Aquino's body will lie in state at the De La Salle Catholic school in Manila from Saturday evening to Monday morning, and she will be buried beside her husband at the Manila Memorial Park in a private ceremony Wednesday, her son told reporters.
President Gloria Macapagal Arroyo, who is on an official visit to the United States, remembered Aquino as a "national treasure" who helped lead "a revolution to restore democracy and the rule of law to our nation at a time of great peril.
"She picked up the standard from the fallen warrior Ninoy and helped lead our nation to a brighter day," Arroyo said.
The Philippines will observe 10 days of national mourning, she said. The Armed Forces of the Philippines said it would accord full military honors during Aquino's wake, including gun salutes and lowering flags to half-staff.
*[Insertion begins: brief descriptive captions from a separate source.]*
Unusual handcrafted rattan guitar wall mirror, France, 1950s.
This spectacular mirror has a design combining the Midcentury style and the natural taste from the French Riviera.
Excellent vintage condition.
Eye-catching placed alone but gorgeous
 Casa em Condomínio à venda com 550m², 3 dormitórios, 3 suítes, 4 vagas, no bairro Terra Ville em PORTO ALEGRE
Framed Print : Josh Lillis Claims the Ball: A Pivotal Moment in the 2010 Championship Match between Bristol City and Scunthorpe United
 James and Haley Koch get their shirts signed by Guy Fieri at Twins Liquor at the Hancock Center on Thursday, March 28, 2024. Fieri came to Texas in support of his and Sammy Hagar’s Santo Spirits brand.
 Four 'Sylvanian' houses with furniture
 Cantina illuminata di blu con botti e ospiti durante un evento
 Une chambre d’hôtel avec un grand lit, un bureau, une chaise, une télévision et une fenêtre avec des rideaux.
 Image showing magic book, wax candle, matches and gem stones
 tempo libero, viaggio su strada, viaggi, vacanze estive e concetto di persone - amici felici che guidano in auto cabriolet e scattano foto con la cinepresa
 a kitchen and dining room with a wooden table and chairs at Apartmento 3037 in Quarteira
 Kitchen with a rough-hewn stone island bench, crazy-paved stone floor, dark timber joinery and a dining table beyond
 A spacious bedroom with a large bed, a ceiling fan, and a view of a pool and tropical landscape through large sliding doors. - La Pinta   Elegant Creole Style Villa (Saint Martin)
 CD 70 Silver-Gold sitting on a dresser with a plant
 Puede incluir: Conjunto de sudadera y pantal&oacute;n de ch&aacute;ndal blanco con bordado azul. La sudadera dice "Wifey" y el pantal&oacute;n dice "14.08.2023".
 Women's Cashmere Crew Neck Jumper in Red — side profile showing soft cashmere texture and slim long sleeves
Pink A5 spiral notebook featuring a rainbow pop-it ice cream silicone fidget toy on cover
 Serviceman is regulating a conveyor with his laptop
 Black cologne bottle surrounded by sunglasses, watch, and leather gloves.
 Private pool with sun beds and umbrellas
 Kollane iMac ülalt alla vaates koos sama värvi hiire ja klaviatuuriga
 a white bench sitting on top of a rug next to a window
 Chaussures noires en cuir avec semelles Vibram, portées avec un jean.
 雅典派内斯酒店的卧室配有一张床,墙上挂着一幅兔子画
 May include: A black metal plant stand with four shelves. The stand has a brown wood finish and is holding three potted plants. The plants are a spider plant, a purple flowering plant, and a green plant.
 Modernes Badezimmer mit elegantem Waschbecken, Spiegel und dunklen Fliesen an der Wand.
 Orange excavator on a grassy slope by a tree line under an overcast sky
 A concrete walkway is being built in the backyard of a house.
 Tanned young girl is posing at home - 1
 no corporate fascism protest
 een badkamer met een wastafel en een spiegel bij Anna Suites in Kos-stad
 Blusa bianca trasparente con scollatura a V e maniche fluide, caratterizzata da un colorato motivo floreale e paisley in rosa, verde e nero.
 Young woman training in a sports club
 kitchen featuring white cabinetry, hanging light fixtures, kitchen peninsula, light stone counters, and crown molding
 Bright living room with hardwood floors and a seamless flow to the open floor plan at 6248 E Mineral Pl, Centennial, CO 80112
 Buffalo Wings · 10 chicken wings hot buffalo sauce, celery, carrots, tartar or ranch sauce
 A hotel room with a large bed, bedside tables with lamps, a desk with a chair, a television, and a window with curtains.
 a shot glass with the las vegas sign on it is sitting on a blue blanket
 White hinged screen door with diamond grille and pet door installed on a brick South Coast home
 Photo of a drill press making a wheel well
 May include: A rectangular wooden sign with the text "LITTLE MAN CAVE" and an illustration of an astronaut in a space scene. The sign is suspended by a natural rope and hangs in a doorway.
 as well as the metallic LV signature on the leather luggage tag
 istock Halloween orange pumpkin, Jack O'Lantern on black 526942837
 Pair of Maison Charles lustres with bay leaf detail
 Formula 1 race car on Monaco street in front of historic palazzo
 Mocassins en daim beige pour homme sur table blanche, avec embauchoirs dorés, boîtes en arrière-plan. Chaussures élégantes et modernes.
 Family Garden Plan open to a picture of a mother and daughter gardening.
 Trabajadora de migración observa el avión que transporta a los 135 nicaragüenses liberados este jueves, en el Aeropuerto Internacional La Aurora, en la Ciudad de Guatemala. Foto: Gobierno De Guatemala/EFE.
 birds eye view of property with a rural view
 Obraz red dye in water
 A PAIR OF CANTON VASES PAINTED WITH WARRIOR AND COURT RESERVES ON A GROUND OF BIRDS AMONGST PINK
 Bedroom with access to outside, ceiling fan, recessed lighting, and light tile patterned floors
TV stations on Saturday ran footage of Aquino's years in power together with prayers while her former aides and supporters offered condolences.
"Today our country has lost a mother," said former President Joseph Estrada, calling Aquino "a woman of both strength and graciousness."
Aquino's successor, Fidel Ramos, who was the military's vice chief of staff when he broke with Marcos and embraced Aquino, said the former leader "represented the best of the Filipino of the past and the future."
Exiled Communist Party founder Jose Maria Sison, whom Aquino freed from jail in 1986, paid tribute from the Netherlands.
President Barack Obama was deeply saddened by Aquino's death, said White House press secretary Robert Gibbs.
"Ms. Aquino played a crucial role in Philippines history, moving the country to democratic rule through her nonviolent 'people power' movement over 20 years ago," Gibbs said. "Her courage, determination, and moral leadership are an inspiration to us all and exemplify the best in the Filipino nation."
U.S. Secretary of State Hillary Rodham Clinton, who wrote to Aquino last week, and Sen. Richard Lugar from Indiana also praised Aquino's courage. Lugar headed a team of American poll monitors who declared the February 1986 elections flawed, a significant turning point in Marcos' ouster.
Aquino's unlikely rise began in 1983 after her husband was gunned down at Manila's international airport moments after soldiers escorted him from a plane on his arrival from exile in the United States to challenge Marcos, his longtime adversary.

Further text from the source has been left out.